Reference for a "recursive" fragment of infinitary logic? Does anyone know of any texts or papers out there concerning properties of the fragment of $ \mathcal{L}_{\omega_1, \omega} $ in which the only admissable infinite conjunctions are those which are recursive, when infinite conjunctions are considered as functions $ \omega \to \omega $ for some appropriate encoding of the language?
 A: Yes, these are called computable infinitary formulas.  I recommend the following references (as a matter of taste I prefer them to Barwise...don't remember why...possibly just it's more canonical in my field):
Computable Structures and the Hyperarithmetical Hierarchy by Ash and Knight
To a lesser extent
Forcing and Reducibilities. II. Forcing in Fragments of Analysis by Odifreddi

But if you understand Kleene's ordinal notations it's a pretty trivial definition (modulo a few mostly irrelevant technical details).
Basically you introduce the notion of an infinite computable disjunction of formulas.  That being a c.e. set of codes for infinite computable sentences.
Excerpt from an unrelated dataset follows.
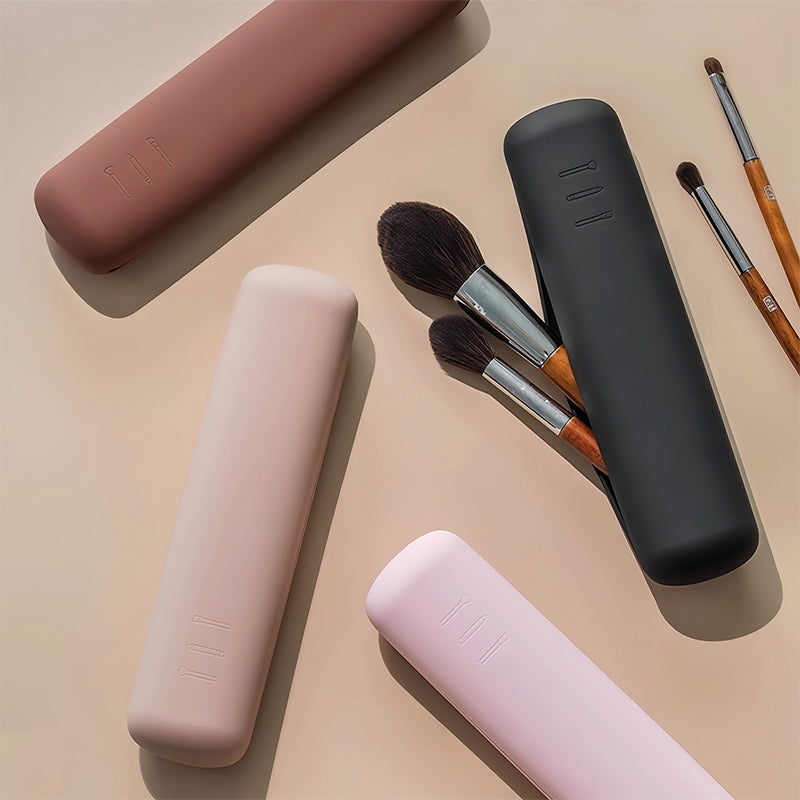 Magnetic Closure Silicone Brush Storage Case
Since you can take infinite disjunctions (and negations) there is no longer any need for $\exists$ and $\forall$ as they get absorbed into the infinite versions.  If you want to say there is some number $x$ satisfying $\phi$ you just write the computable $\Sigma_1$ sentence that is a disjunction of $\phi(n)$ for each $n$ (assuming you working in a countable structure...I don't know if this makes sense in uncountable structures see the Ash and Knight book).  This makes things a little simpler.
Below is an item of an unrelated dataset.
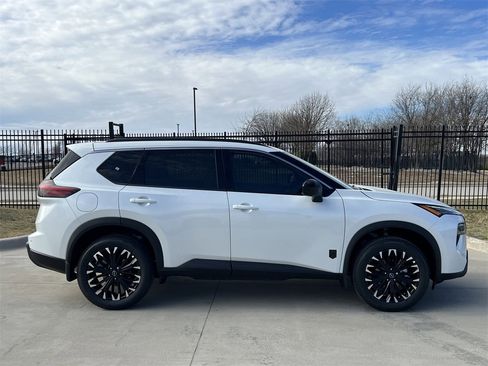 New 2026 Nissan Rogue SV image 4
Thus the computable infinitary formulas are just those formulas built up in this fashion and obviously go up all the way to $w_1^{CK}$.
There are only two annoying technical details.  The first is how to assign codes to the formulas.  One wants to take a bit of care here about whether to include the rank (ordinal notation) the formula appears at in it's code.  I believe you want to avoid this given the difficulties posed by incompatible notations and computability problems it brings.  The downside is that you have to be a bit clever to recover the rank from formula but this is done in the textbook once and glossed over subsequently.
The only other minor problem is how do you define $\Sigma_\lambda$ at limit levels.  There are two competing standards.  One just takes it to be the collections of all formulas at levels below the other takes it to be computable disjunctions of those formulas.